What the exercise asks: Search the data below for the line containing "ドラセナ トルネード緑葉 【観葉植物 5号／1個売り】｜ 【植物の", then please set down that line and all remaining ones exactly as written.

^^^^^^^^

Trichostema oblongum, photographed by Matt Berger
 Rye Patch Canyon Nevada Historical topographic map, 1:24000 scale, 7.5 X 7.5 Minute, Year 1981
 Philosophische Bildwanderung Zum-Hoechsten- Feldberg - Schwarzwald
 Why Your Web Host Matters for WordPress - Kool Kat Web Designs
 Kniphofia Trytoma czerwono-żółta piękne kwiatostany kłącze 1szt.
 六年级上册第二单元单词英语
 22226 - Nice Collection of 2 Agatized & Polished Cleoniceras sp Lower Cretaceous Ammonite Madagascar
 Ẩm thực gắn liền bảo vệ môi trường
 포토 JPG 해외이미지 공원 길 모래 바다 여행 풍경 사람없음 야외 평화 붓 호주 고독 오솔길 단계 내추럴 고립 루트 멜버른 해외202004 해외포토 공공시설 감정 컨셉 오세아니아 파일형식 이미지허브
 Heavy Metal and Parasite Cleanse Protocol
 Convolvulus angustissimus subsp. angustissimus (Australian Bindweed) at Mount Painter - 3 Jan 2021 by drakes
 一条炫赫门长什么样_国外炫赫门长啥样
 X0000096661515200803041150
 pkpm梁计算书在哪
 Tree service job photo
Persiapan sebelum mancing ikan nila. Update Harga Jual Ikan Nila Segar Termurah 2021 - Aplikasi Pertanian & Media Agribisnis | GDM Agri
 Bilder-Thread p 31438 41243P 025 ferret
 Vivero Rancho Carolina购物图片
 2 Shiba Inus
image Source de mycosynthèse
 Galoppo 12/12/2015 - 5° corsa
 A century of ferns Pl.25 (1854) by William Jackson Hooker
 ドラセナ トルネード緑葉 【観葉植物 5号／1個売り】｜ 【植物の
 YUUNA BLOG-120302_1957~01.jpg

^^^^^^^^

Written response:
 ドラセナ トルネード緑葉 【観葉植物 5号／1個売り】｜ 【植物の
 YUUNA BLOG-120302_1957~01.jpg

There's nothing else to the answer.